# Santa Pod - 12/03/11 - BE THERE !!!! (All Welcome)



## tony_rigby_uk (Nov 27, 2008)

*Santa Pod - 12/03/11 - BE THERE !!!! (All Welcome)*









Well After the recent pod run (23/01/11) A few of us have been making noises, mainly due to the state of the dissapointing times and lack of traction [smiley=bigcry.gif]

So a few of us have decided to head over there again on *SAT 12th MARCH 2011* all are welcome, and as you know it'll be a fab day !!!!!

Prices are:-
£10 pp Entry (kids under 16 go free)
£25 additional to entry for unlimited runs.
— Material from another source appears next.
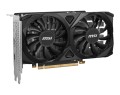 Karta graf. MSI GeForce RTX 3050 VENTUS 2X 6G - 1808929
Also it may well be worth registering for the season here http://www.rwyb.co.uk/cc_introduction.php you have your own Unique race number to be displayed on your car, (gets away from the liquid chalk, and allows you to get some little stickers made up) Also you get on the leaderboard !! (i know a few runners from the 23rd aren't on the board... TUT TUT c'mon it is FREE !!!)

*ATTENDANCE LIST *
1. Tony_Rigby_uk - CC2058 - MK1/225
2. SAVTT240 - CC2062 - Mk1/240
3. TTsline02 - ?????? - Mk1/225
4. G12mox - ?????? - MK1/225BT
5. SteveCollier - CC2057 - MK1/V6BT
6. GiddersTT - CC2127 - MK1/V6
7. TTRS_500 - ??????? - MK2RS?
8. Dooka -
9. TT_Tesh - ??????? - ???????
10. Burns - CC2154 - MK1/225

I'll keep the list updated but these are the deffo's i've had so far,

C'mon folks !!! you don't wanna miss it !!!
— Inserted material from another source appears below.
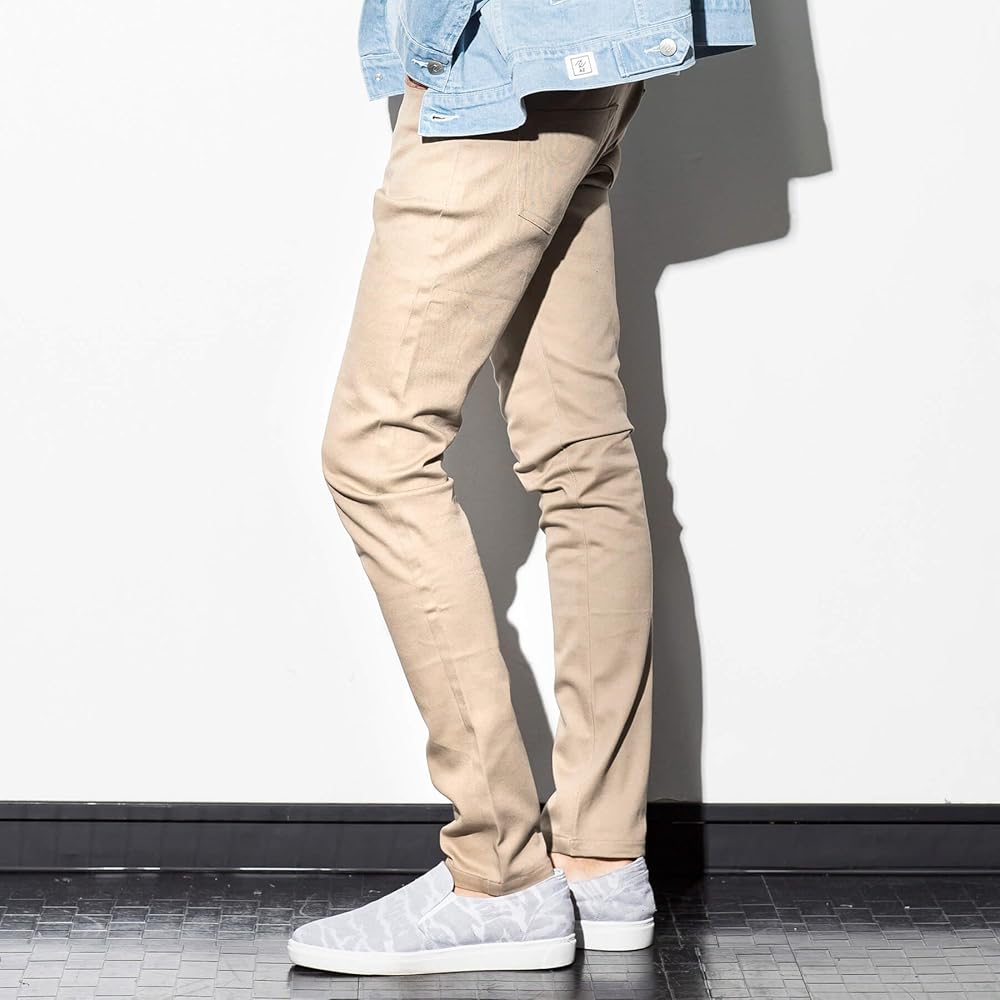 Amazon | [AZ by junhashimoto] エーゼイ バイ ジュンハシモト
ok did ya hear that NW'rs??? obviously if anyone is running any other convoys from there area we can arrange a meet up.

*8:00am meet at Knutsford services M6 between J18/19 *
http://www.motorwayservices.info/knutsford_services_m6/

you all have my number or should have,

anyone who hasn't drop me a pm....

For all you running people here is the Form which will save you some time at the check-in http://www.rwyb.co.uk/RWYB_SIGN_ON_FORM.doc

cheers


----------



## VSPURS (Aug 31, 2008)

Its my wedding anniversary weekend, so I must say that I am unlikely to be there!


----------



## SAVTT240 (Mar 29, 2009)

VSPURS said:


> Its my wedding anniversary weekend, so I must say that I am unlikely to be there!
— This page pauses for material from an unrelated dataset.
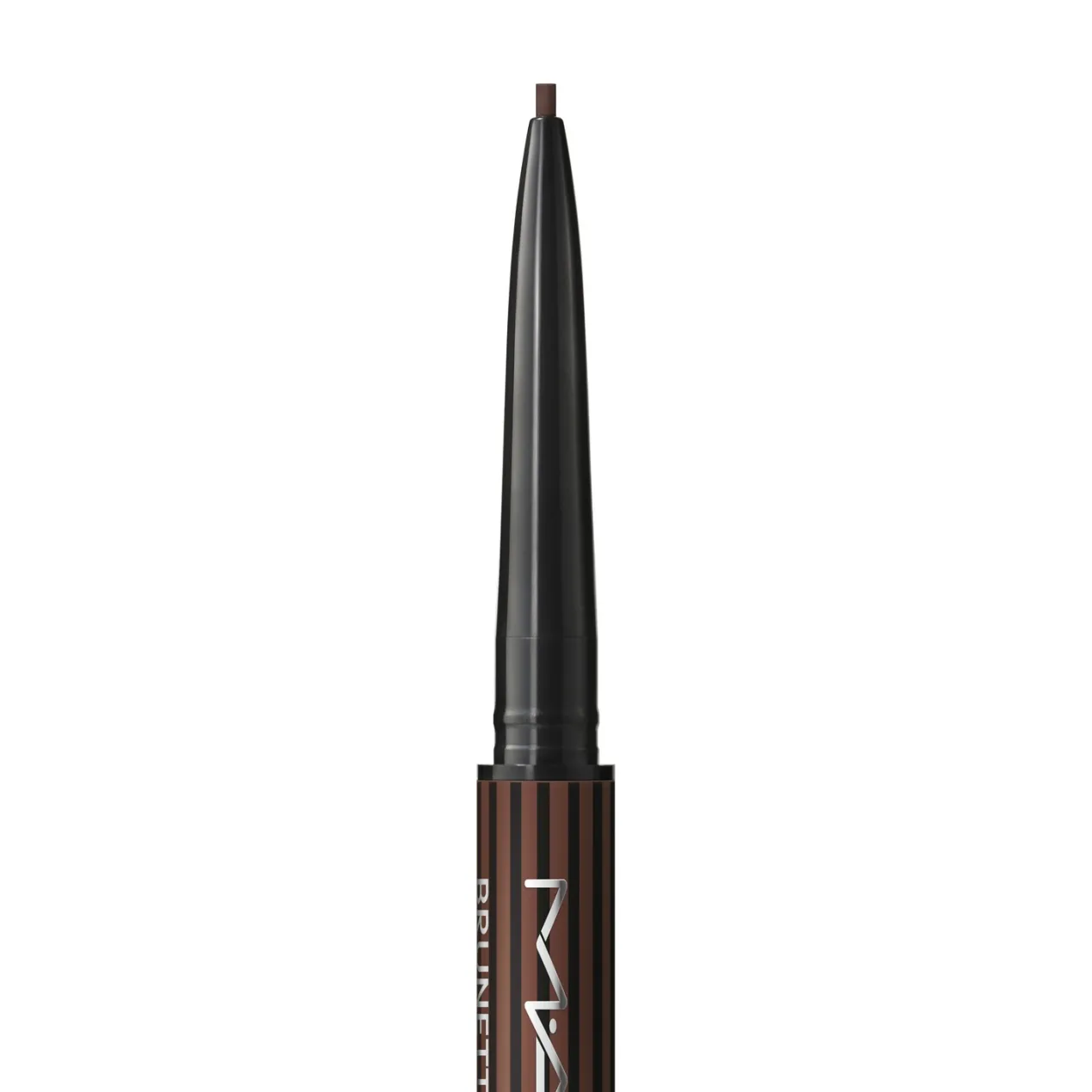 Lápiz de Cejas Pro Brow Definer Tip Brow Pencil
OMG   Steve thats the most feeble excuse i've heard !! :lol: :lol:

Its a saturday & you'll be home by 6pm, better still bring Marina along, she might get a better time in that beast of yours :lol: :lol: :lol:

Seriously you will be missed, but i'm going again may 1st as well (sunday), so hopefully you will be able to make it then :wink:

SAV..


----------



## tony_rigby_uk (Nov 27, 2008)

SAVTT240 said:


> but i'm going again may 1st as well (sunday),


i'll go to that too  but i'll probably also be at the GTI Spring Festival on the 3rd of April too.. (probably not running then though... too soon to the germany trip and can't fix in time if it goes wrong, and with it being GTI i'll be packed)


----------



## v800mjh (Apr 26, 2009)

I was there on Sunday how do I get on the leaderboard tony?

Cheers, Martin


----------



## tony_rigby_uk (Nov 27, 2008)

v800mjh said:


> I was there on Sunday how do I get on the leaderboard tony?
> 
> Cheers, Martin


You have to have registered before you run unfortuntly.. the registration is here:- http://www.rwyb.co.uk/cc_introduction.php that will give you a CC number which you'll have for the rest of the year, so any time you run it'll put the time to that number and the name / car details you give on the above link... unfortuntly sunday's times will probably be lost now... (i'm assuming you were just a chalk number)

hope that helps


----------



## v800mjh (Apr 26, 2009)

oh yeah sh*t, I had registered before hand, but didn't get a chance to get my number made up and the guy just come up to my car and put a chalk number on it before I could say anything..oh well..

Thanks, Martin


----------



## tony_rigby_uk (Nov 27, 2008)

v800mjh said:


> oh yeah sh*t, I had registered before hand, but didn't get a chance to get my number made up and the guy just come up to my car and put a chalk number on it before I could say anything..oh well..
> 
> Thanks, Martin


if you'd have told him he'd have put your CC number on... oh well [smiley=bigcry.gif]


----------



## GiddersTT (Dec 6, 2010)

I will be there 8)


----------



## tony_rigby_uk (Nov 27, 2008)

GiddersTT said:


> I will be there 8)


Excellent Matey, You gonna be running or spectating??


----------



## dooka (Apr 28, 2006)

I will try to be there if nobody doobjects, as not owning a TT any more..


----------



## tony_rigby_uk (Nov 27, 2008)

dooka said:


> I will try to be there if nobody doobjects, as not owning a TT any more..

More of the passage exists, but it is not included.